Stored records:
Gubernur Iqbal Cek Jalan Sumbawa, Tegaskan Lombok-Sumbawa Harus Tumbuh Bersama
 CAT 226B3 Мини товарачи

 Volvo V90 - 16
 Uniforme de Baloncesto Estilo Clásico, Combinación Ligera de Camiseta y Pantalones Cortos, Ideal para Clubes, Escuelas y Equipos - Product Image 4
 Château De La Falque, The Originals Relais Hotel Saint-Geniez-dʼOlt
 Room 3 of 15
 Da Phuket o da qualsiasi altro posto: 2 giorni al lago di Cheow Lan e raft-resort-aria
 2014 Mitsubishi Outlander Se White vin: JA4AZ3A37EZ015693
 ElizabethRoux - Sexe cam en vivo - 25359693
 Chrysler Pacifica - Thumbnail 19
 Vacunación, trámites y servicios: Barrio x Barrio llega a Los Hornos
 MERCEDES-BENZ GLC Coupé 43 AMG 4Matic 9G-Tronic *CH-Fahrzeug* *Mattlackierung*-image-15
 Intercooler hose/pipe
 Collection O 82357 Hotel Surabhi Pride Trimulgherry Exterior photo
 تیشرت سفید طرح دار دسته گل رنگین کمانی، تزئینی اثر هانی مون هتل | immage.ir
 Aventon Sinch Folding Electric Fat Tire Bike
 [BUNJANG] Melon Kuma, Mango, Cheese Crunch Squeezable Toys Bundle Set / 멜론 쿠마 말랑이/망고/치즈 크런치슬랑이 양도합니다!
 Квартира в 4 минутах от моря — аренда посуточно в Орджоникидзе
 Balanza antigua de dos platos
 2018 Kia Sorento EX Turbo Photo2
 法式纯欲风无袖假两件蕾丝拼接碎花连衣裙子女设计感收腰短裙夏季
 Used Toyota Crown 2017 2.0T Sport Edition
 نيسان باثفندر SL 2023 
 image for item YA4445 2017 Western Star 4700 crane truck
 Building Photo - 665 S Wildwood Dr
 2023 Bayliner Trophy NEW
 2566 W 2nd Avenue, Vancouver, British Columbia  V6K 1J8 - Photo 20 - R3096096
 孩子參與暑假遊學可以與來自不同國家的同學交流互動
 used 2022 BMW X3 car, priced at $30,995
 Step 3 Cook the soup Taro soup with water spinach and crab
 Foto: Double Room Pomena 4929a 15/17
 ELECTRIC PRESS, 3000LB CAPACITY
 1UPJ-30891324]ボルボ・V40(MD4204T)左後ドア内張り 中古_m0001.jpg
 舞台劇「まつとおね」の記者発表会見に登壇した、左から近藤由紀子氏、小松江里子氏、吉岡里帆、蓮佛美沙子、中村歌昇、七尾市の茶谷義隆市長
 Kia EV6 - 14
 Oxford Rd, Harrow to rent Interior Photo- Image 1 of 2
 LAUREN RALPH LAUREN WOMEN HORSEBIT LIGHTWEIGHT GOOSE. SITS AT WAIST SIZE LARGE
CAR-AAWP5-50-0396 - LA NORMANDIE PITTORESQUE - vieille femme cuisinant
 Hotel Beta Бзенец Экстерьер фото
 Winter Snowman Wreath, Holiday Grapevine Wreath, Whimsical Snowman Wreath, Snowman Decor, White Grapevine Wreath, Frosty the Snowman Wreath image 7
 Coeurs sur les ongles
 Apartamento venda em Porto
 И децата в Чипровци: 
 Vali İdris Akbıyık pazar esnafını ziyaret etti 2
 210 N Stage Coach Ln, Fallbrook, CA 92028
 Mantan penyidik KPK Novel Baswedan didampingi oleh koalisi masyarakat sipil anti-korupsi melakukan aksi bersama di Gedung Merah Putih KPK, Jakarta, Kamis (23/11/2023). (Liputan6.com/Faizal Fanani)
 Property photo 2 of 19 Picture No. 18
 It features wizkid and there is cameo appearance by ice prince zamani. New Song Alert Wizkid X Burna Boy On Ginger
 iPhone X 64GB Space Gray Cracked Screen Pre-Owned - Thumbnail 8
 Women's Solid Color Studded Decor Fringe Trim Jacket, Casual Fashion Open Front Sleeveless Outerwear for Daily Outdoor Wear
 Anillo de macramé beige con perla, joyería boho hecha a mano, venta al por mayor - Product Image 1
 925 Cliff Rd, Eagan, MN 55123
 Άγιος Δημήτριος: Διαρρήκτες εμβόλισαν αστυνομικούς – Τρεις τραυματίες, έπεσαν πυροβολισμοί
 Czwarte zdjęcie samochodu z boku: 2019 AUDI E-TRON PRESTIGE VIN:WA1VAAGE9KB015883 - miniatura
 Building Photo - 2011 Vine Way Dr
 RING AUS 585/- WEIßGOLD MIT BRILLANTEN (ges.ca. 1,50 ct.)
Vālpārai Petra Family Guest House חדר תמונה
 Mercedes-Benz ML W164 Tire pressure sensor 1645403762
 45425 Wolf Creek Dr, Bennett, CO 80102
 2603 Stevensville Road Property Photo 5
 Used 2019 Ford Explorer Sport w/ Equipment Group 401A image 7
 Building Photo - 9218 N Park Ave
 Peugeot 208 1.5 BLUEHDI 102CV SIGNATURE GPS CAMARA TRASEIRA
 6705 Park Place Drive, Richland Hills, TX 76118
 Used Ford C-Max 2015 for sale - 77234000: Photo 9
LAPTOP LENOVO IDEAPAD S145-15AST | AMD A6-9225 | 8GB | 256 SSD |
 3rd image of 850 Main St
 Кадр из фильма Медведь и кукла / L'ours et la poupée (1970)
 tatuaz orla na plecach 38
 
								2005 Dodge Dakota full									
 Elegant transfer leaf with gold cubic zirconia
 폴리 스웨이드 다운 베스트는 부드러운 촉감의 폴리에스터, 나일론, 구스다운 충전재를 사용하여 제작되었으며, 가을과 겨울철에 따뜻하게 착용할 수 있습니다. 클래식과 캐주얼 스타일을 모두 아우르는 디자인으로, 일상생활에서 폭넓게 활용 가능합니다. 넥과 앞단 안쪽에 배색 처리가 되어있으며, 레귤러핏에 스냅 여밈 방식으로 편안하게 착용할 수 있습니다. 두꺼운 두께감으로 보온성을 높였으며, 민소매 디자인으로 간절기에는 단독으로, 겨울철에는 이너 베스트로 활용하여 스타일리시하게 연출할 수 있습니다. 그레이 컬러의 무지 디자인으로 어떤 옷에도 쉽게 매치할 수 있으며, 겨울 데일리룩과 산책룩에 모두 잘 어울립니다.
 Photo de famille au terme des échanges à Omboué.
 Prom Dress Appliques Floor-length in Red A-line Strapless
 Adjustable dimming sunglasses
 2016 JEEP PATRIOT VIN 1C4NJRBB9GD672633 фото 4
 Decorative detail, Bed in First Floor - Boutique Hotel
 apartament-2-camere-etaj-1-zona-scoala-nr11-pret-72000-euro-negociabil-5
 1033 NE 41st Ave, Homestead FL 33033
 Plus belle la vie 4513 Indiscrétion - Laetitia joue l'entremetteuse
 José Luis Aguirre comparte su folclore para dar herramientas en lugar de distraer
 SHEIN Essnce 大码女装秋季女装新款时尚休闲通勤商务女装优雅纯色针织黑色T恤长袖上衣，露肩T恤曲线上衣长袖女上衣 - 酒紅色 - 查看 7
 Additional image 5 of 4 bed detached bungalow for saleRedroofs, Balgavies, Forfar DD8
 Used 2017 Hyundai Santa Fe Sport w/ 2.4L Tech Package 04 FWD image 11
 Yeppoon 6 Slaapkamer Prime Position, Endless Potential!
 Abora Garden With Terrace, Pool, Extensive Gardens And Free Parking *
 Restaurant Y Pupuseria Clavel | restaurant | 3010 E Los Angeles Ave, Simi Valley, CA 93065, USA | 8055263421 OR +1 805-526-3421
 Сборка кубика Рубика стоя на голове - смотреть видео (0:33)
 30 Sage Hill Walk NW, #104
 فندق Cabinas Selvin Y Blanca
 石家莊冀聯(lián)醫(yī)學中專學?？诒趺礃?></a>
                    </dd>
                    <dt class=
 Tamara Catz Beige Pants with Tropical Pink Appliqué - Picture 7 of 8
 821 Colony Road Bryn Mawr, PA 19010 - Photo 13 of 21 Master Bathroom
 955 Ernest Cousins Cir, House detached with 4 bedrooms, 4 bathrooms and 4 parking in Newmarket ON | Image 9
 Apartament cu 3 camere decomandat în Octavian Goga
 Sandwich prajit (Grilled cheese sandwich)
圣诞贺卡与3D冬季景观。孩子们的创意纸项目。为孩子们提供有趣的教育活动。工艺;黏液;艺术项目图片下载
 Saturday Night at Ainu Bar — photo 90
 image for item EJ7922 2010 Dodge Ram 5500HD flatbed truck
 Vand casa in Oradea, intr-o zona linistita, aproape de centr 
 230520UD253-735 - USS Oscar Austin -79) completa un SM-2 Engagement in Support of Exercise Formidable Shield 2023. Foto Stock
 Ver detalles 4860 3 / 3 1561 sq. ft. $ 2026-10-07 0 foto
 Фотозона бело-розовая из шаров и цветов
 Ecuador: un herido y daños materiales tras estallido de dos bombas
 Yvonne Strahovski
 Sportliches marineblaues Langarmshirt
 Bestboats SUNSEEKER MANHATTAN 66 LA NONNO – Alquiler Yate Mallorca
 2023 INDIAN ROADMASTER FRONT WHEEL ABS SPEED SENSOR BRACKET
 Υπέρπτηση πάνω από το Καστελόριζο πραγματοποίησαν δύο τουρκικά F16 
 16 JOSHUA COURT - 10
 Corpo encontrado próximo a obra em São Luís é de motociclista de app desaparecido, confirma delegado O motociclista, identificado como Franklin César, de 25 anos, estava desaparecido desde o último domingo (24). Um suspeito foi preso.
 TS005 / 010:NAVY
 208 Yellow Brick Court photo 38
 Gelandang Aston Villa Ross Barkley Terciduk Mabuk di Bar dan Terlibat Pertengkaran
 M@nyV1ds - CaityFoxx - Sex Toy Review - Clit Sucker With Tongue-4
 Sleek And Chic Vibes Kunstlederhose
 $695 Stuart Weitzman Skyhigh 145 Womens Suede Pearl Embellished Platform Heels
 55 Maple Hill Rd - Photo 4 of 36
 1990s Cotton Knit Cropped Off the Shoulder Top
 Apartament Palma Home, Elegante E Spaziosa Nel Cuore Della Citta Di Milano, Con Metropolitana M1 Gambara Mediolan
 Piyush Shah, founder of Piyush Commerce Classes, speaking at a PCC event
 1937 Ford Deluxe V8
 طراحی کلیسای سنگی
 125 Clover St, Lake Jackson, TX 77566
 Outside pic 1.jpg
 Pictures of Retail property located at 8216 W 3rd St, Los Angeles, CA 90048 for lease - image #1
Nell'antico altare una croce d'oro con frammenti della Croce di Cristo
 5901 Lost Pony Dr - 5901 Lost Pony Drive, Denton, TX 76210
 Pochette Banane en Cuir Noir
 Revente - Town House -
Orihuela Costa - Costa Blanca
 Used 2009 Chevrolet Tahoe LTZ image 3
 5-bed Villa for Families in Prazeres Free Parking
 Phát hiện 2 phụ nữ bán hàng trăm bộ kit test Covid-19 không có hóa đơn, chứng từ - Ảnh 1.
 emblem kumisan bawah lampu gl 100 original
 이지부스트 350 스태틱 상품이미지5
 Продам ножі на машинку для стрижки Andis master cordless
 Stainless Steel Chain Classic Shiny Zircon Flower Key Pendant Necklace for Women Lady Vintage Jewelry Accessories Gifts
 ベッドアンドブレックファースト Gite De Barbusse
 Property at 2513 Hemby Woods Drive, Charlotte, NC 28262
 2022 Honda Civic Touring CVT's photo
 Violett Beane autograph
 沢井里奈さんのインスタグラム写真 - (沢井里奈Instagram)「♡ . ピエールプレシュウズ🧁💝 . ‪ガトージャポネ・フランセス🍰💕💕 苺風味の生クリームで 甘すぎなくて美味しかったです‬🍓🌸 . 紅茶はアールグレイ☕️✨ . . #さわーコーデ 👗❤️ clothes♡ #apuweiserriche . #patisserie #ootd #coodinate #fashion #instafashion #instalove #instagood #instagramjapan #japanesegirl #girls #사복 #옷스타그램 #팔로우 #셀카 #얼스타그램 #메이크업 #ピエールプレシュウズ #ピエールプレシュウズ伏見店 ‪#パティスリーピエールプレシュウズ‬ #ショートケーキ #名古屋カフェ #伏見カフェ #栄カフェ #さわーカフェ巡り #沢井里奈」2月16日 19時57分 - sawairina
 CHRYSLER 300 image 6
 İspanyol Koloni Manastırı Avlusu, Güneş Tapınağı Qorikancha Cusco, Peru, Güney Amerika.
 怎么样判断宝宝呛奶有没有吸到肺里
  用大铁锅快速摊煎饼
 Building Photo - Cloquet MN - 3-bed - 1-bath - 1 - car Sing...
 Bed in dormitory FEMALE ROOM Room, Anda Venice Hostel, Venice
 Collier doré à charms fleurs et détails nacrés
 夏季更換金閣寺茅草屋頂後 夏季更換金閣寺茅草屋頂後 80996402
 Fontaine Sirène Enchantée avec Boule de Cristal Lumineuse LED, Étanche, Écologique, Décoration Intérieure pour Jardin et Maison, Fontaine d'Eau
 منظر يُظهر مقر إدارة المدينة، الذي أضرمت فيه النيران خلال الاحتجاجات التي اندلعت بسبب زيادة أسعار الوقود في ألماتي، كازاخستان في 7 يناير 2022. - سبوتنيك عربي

Directions
Reprint exactly the lines above that start at the one with "Building Photo - Cloquet" and end at the one with "夏季更換金閣寺茅草屋頂後 夏季更換金閣寺茅草屋頂後 80996402", keeping both and adding none.

Answer to the problem
 Building Photo - Cloquet MN - 3-bed - 1-bath - 1 - car Sing...
 Bed in dormitory FEMALE ROOM Room, Anda Venice Hostel, Venice
 Collier doré à charms fleurs et détails nacrés
 夏季更換金閣寺茅草屋頂後 夏季更換金閣寺茅草屋頂後 80996402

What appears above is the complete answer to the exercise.